As a lesson/group of lessons, this project was already fairly well tailored to my needs. Mainly in needed logistical prompts specific to my students and visualizations relevant to their day to day life. Distance analogies relating to places around the school and community were particularly helpful in getting my class to conceptualize solar system distances when we represented the sun with a beach ball and the earth with a marble.

## Social Construction of Knowledge

The Jasper materials respond to the issue of students’ inability to transfer knowledge between topics, to deconstruct large problems into smaller tasks, and to deal with the often poorly defined nature of real world problems. In my experience, this has certainly been a problem for students. Fundamentals taught in isolation from real world problems often fail to engage students and result in both poor retention of concepts and the inability to exercise them effectively in unique situations.

The current literature I have read from past/present members of the CTVG and analyses of their work suggest that anchoring skills in an authentic and complex problem is a particularly effective way to promote learning and critical thinking skills. Group work on these problems is a central aspect of the creative problem solving process as students construct their understandings of the problems and their possible solutions and then test them out on each other (social construction of knowledge). The Jasper materials deal with these observations through challenging and complex problems in a video format. The video format may help to eliminate some of the accessibility difficulties of students with reading difficulties (universal design for learning).

The Jasper series of videos appear to be underpinned by two main philosophies: Cognitive Apprenticeship (Brown) and Social Constructive Theory (Zygotsky). The apprenticeship philosophy embraces doing the work of a discipline in an authentic way. In the Jasper video “rescue at Boone Meadow” students are introduced to the types of variables pilots would need to consider when solving a situation in which flight might be the best solution. Social cognitive theory is present in the above notes social construction of knowledge during group work. It is also present in certain teaching approaches to the use of Jasper videos whereby teachers help to point students in the right direction without given them an answer or a walk through. This guiding aspect allowing students to achieve at a higher level reflects Zygotsky’s zone of proximal development.

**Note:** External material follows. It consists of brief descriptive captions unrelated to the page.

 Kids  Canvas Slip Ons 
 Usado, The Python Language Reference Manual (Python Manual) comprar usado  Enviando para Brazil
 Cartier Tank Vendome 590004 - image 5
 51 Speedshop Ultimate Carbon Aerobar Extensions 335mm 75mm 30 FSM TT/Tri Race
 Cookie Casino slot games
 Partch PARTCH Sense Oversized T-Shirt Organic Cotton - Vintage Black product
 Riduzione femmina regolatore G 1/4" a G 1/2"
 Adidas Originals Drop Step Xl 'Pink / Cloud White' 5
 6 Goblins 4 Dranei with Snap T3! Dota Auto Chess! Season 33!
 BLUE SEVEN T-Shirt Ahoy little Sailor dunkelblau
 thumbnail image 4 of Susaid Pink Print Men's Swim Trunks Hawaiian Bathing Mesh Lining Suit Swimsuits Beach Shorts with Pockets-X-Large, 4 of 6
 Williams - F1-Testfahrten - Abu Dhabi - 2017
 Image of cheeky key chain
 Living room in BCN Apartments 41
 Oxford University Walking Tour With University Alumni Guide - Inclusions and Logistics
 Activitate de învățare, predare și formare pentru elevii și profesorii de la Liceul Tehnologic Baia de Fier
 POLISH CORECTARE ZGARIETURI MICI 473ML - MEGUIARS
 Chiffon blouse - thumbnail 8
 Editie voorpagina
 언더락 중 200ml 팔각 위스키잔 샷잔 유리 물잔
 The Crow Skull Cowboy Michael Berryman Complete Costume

This series of videos represents several unique affordances for a learning technology. It main aide in preventing premature closing. The extension task prompts students to consider other possible dimensions to the task that may exist in the real world. The development of skills in think beyond the textbook case of a problem are essential to developing good critical reasoning and planning. Socially, it offers a look ahead of its time to crowd sourcing. The unique experiences of the group members around similar real world situations may yield unexpected and intriguing solutions.

In terms of conceptions vs. misconceptions, these videos present a situation that must be carefully managed. By interacting with each other students will either ameliorate or exacerbate each others’ misconceptions. Students with firm and correct conceptions may help other students to revise their misconceptions but, conversely, students with strong alternative conceptions more closely rooted in their everyday experience may convince other students to abandon correct conceptions for more viable seeming misconceptions. Frequent perception checks from teacher would be necessary in using these materials.

Unfortunately, I did not run across a lot of efficacy studies in the readings I chose this week. In choosing the design a TELE final project I was more interested in reading about design principals. I am looking forward to seeing some blog posts from the people who may have come across these studies.